A Low-Carbon Stimulus and Recovery Plan
By Sarah Kuck
Imagine a future where government spending went to creating a low-carbon economy, powered by green collar workers and publicly-purposed investments. Instead of government spending that bails out auto industry CEOs and investment bankers on Wall Street, imagine spending that would truly boost the economy while creating real, long-term jobs.
It doesn’t need to be a pipe dream. A new report from the Center for American Progress proposes a way for the U.S. government to do just that.
In partnership with the University of Massachusetts’ Political Economy Research Institute, the Center prepared a $100 billion, two-year recovery plan that could create an independent and low-carbon future for the U.S. economy.

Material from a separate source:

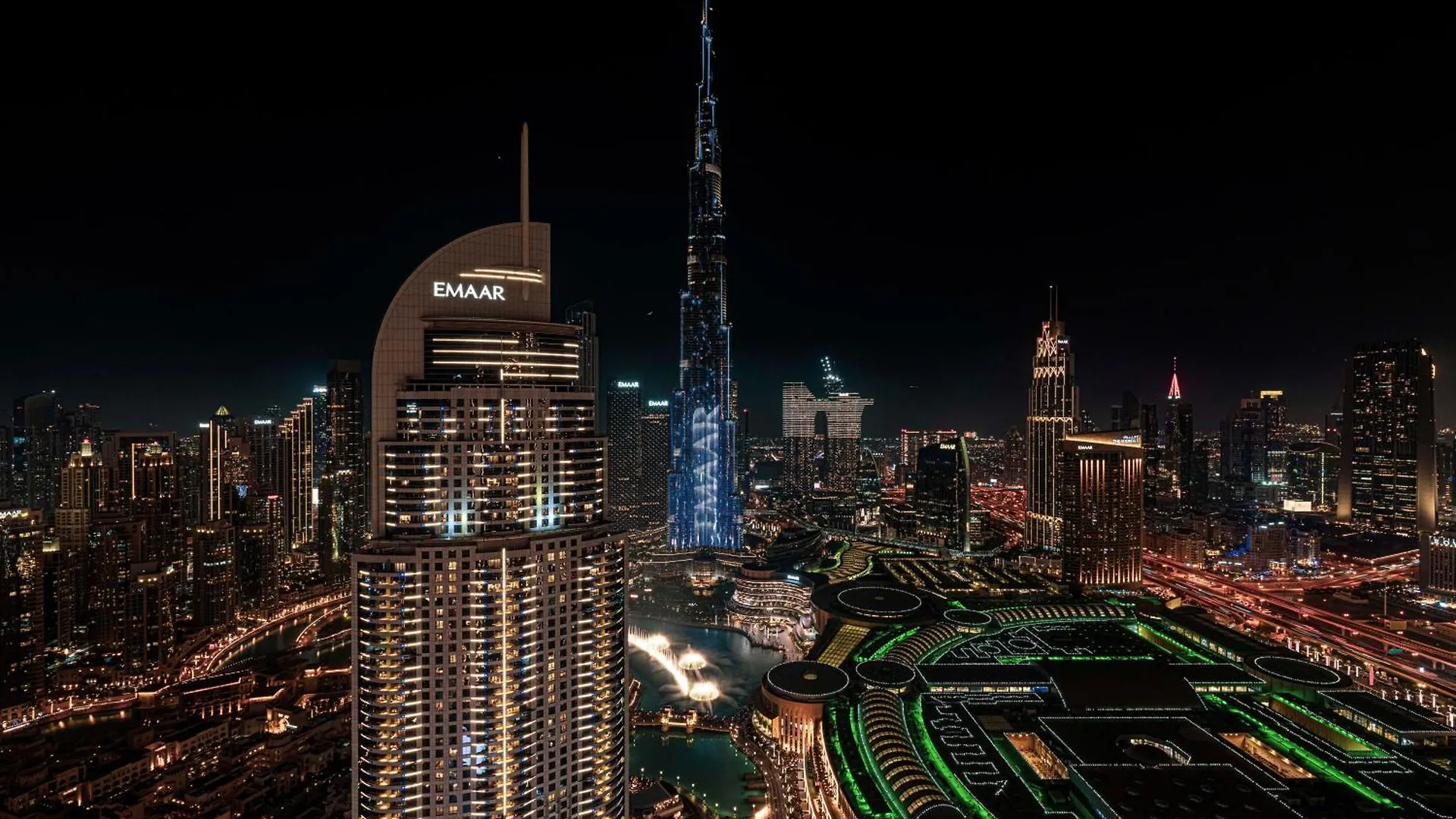 Full Burj Khalifa - 3 Bedroom + Maid In Downtown Dubai Apartment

In their report, “Green Recovery: A Program to Create Good Jobs and Start Building a Low-Carbon Economy,” they lay out how this recovery plan would work:
Specifically, we outline in our report a program of investment that would inject $100 billion in federal money into the domestic economy through near-term spending on energy efficiency and renewable energy, while leveraging at least an additional $20 billion in private capital through loan guarantees. The report focuses on strategies that ensure that funds are brought to bear relatively quickly within the timeframe necessary to jumpstart the economy.
This current memo expands on the on the “Green Recovery” report by identifying the specific policies that could be used to drive new investment within a matter of a few months to a year, in some cases offering immediate stimulus, and in others providing meaningful near-term strategies for economic recovery and growth.
They include a list of prioritized policies that they suggest investing in quickly to stimulate all sectors of the economy: transportation, manufacturing, construction, building efficiency, neighborhood revitalization, and workforce development. Below are summaries of the recommended policies:
Stimulus investments:
• Transit agencies and ready-to-go transportation projects: Provide $2 billion in assistance to transit agencies to reduce transit fares and expand services, and begin construction on ready-to-go rail and other projects.
• Refundable residential energy efficiency tax credits: Increase funding for refundable residential energy efficiency tax credits to $5 billion and raise the maximum credit for household efficiency upgrades to $2,000.
• Clean renewable energy bonds: Increase CREB funding for consumer-owned utilities to $5 billion to jump-start renewable energy projects.
• “Cash for Clunkers” rebates for older cars: Initiate a $2.5 billion annual program to purchase and scrap older, more polluting cars, in exchange for an owner agreement to acquire a more efficient vehicle or use alternative transportation.
• The Weatherization Assistance Program: Fully fund the Weatherization Assistance Program at $900 million, the amount Congress is authorized to spend on the program in FY 2009, and build toward a goal of weatherizing 1 million homes.
Recovery investments:
• Energy efficiency and conservation block grants: Increase appropriation to $6 billion to fund states, cities, and counties in pursuing clean energy projects.
• Solar roofs on federal buildings: Authorize $3.5 billion to install 2,000 megawatts of solar power on federal rooftops, and amend federal electricity contracting to allow for 30-year power purchasing agreements.
• New Starts Transit project investments: Fully fund the New Starts Transit budget at the $6.6 billion authorized in Safe, Accountable, Flexible, Efficient Transportation Equity Act: A Legacy for Users.
• Green school construction and renovation: Support state and local school modernization, renovation, and repair at $7.25 billion.
• Green affordable housing HOME block grants: Supplement block grant funding through the HOME program with $1 billion for energy-related projects.
• HOPE VI program for green community revitalization: Appropriate $800 million for greening HOPE VI projects to meet Energy Star and green communities standards.
• Smart grid federal matching funds: Fund the Smart Grid Title of the Energy Independence and Security Act of 2007 to support $1.3 billion for infrastructure investment and demonstration projects.
• Workforce investment in the Green Jobs Act: Increase appropriation for the Green Jobs Act, authorized in the 2007 Energy Independence and Security Act to $250 million to provide job training and workforce investment in energy efficiency and renewable-energy installations.
• Green jobs restoring the land: Expand existing programs by $800 million to restore parkland, forests, wetlands, wildlife refuges, and rural ecosystems.
• Manufacturing Extension Partnership: Expand the capacity of domestic manufacturing modernization efforts by increasing MEP funding to $200 million.
• Advanced coal technology to capture carbon: Invest $1.1 billion to deploy demonstration carbon capture-and-storage technology at a coal-fired power plant.
• Additional green infrastructure for clean water: Invest in broader community benefits and green jobs with $3 billion in green storm water infrastructure.
From their investment ideas, like clean renewable energy bonds that support American independence from foreign oil, to their recovery projects that create construction and manufacturing jobs for the building of green schools and low-income housing, the ideas outlined in this report plan have real potential to boost the economy and support the low-carbon future we desperately need.